Republican debate highlights and analysis: Candidates squabble in Simi Valley

2024 hopefuls argued over education, spending and border security.

The second Republican debate of the 2024 presidential primary, taking place at the Ronald Reagan Presidential Library, has just come to an end.

The affair was more raucous than the first debate, which took place over a month ago. Candidates interrupted one another much more regularly and several — most notably former Vice President Mike Pence and former New Jersey Gov. Chris Christie — have directly criticized front-runner Donald Trump, who elected not to show up tonight. The two candidates from South Carolina, former U.N. ambassador Nikki Haley and Sen. Tim Scott, went after one another for their records on spending, and seemingly everyone who had the chance to take a shot at entrepreneur Vivek Ramaswamy did so.

Read below for highlights, excerpts and key moments.


0

Who will come out on top in our post-debate 538/Washington Post/Ipsos poll?

After last month’s debate, we declared Haley as a big debate winner, according to our previous poll with The Washington Post and Ipsos. When likely Republican primary voters who watched the debate were asked whether they’d consider voting for each candidate, Haley jumped from 30 percent before the debate to 47 percent after. Overall, participation in the debate was beneficial for candidates, and absence from the debate was (at least marginally) detrimental.
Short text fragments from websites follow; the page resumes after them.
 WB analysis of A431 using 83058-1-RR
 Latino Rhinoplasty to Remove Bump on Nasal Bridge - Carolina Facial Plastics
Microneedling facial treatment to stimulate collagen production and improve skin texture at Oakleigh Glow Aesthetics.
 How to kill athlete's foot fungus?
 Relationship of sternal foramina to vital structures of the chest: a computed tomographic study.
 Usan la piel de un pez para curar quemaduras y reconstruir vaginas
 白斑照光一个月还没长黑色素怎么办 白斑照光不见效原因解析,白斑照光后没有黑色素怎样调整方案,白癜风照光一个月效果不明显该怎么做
We’ll be following up with the same group as our pre-debate poll to see how participants performed and what respondents' views on all of the candidates are. Check back in with 538 tomorrow afternoon for our post-debate analysis.
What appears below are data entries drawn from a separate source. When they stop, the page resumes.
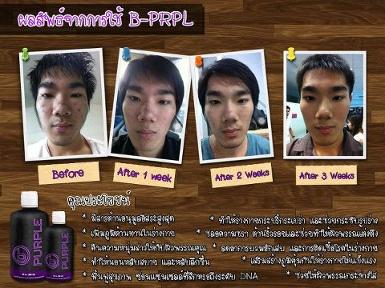 ลดสิว ทำให้หน้าใส โดยไม่ต้องพึ่งคลินิกต่างๆ แค่ทานB-PRPL ค่ะ สุดยอดดดด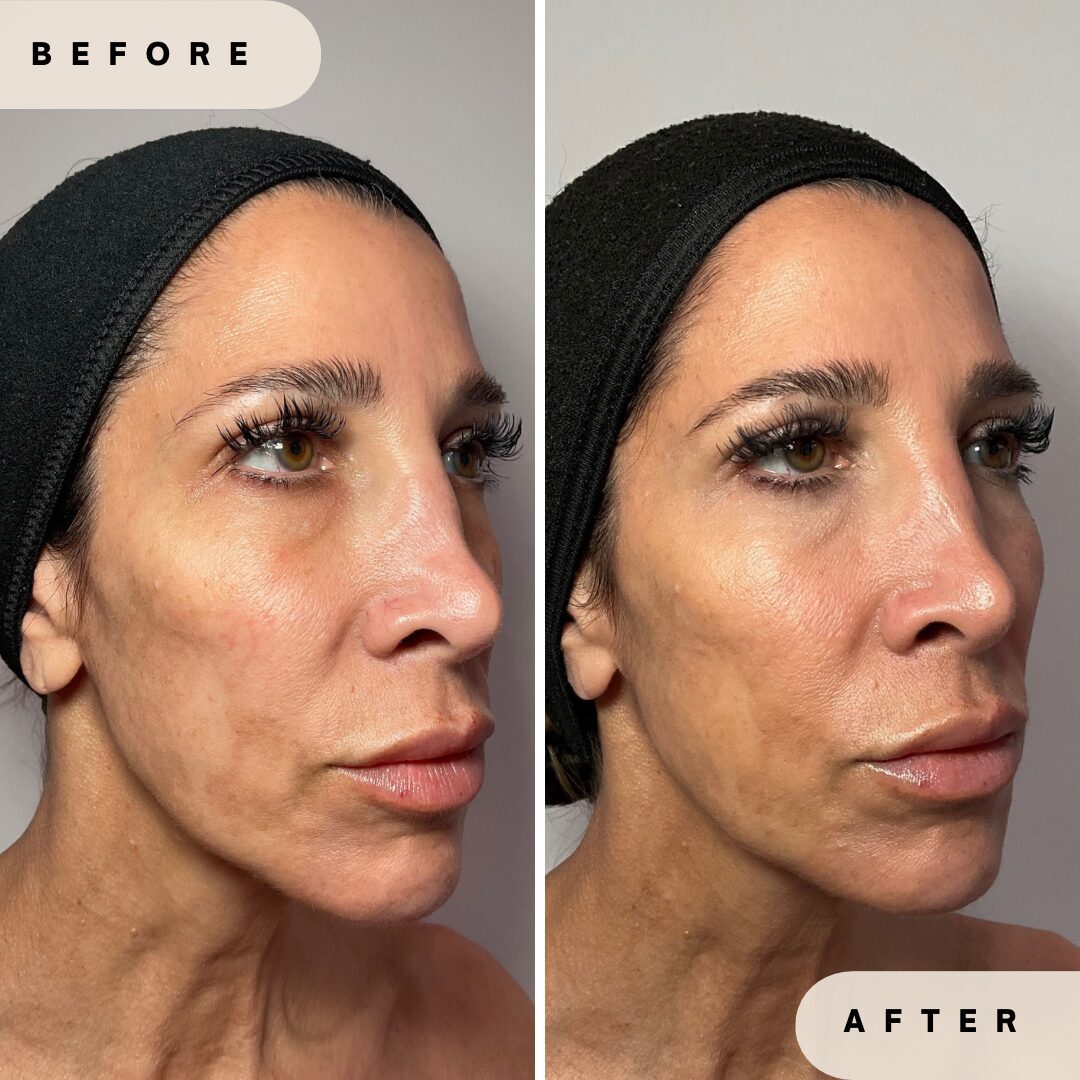Collagen Threads Before and After Results at Glo Derma Yardley, PA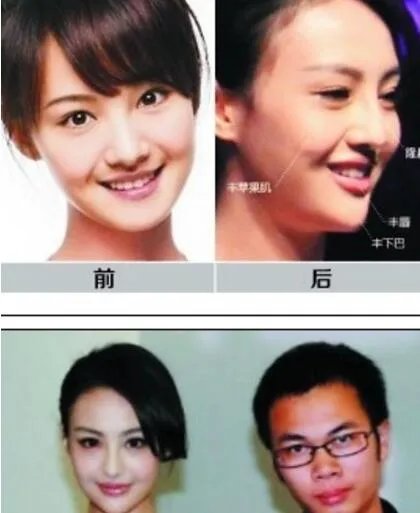 郑爽整容后照片大全绝密流出 前后对比判若两人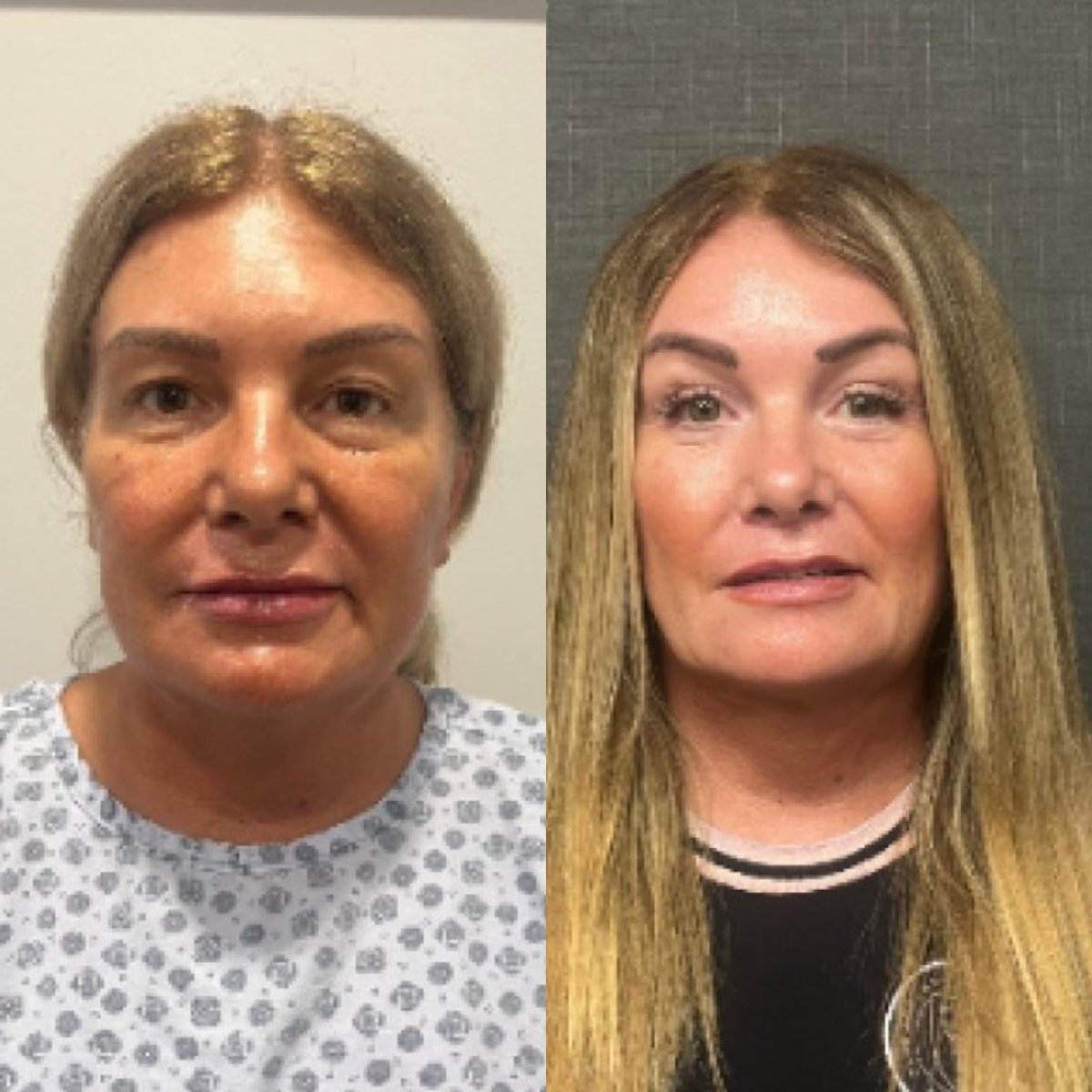 Resultados de lifting facial antes y después en Soraca Med – rejuvenecimiento visible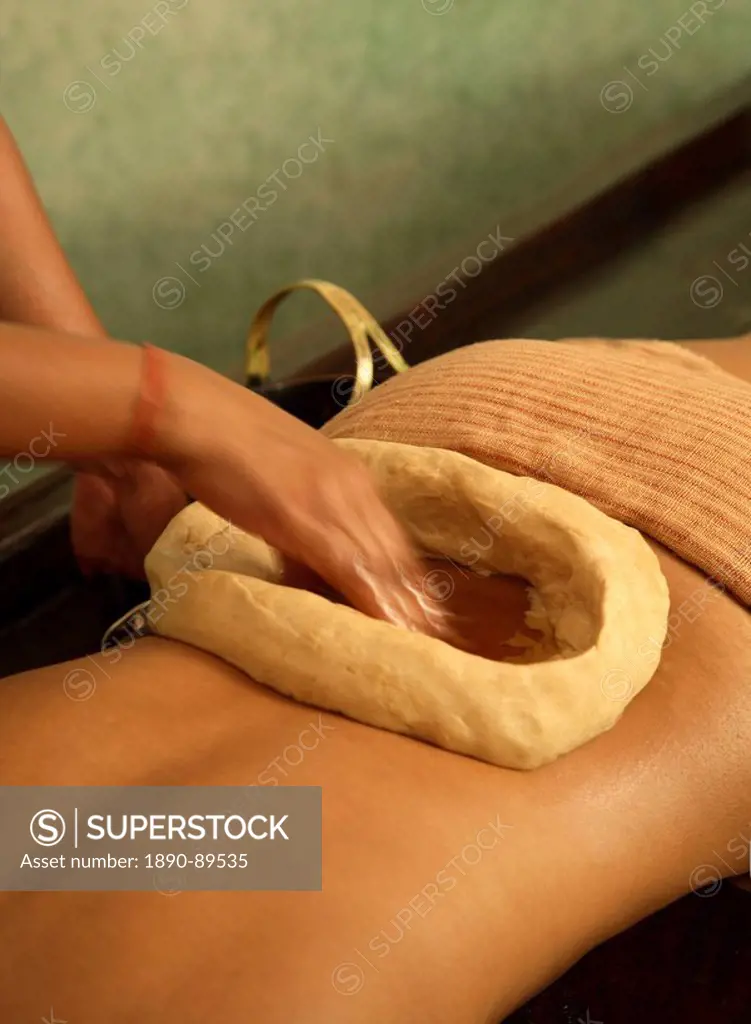 Kathi Vasti Treatment, an Ayurvedic procedure retaining warm medicated oil over the lower back within a border of herbal paste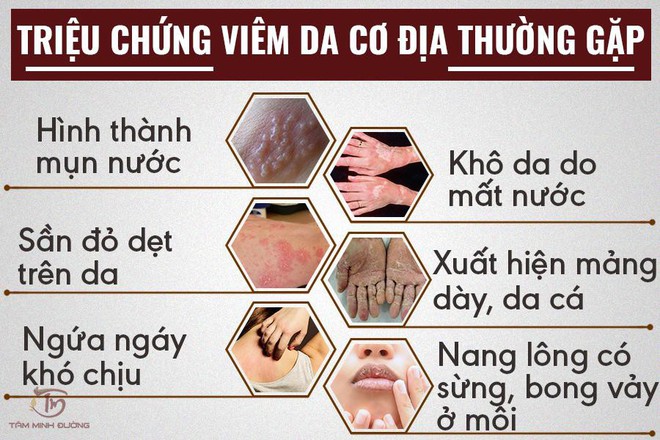 Cách trị viêm da cơ địa dị ứng hay gặp ở người lớn - Ảnh 2.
—Analysis by Holly Fuong of 538


DeSantis gets another chance to be the adult in the room by rejecting the premise of that moderator question. He did the same thing in the first debate when the moderators asked candidates to raise their hands if they believed in man-made climate change.
-Jacob Rubashkin, 538 contributor


Survivor, GOP primary edition?

Moderator Dana Perino asked every candidate to write down which challenger they would “vote off the island.” DeSantis refused, prompting Perino to rework her approach, asking for his mathematical approach to winning the nomination — and of course, that’s not going to work with a politician. Christie, however, interjected that he’d be just fine voting Trump off the island.
-- Analysis by Leah Askarinam of 538


DeSantis is somewhat misleading while claiming biggest victory in Florida history

DeSantis claimed that his 1.5 million-vote victory was the largest in a Florida gubernatorial election in state history. Now, his nearly-20 percentage point margin of victory was quite large in what has historically been a swing state. But it's quite misleading to use the raw vote margin since population has changed quite a bit over time! This is especially true in a state like Florida, which has grown by leaps and bounds. For instance, a candidate would've had a tougher time winning by 1.5 million votes in 1990, when the state had a population of about 13 million, than in 2022, when the state had a population of about 22 million.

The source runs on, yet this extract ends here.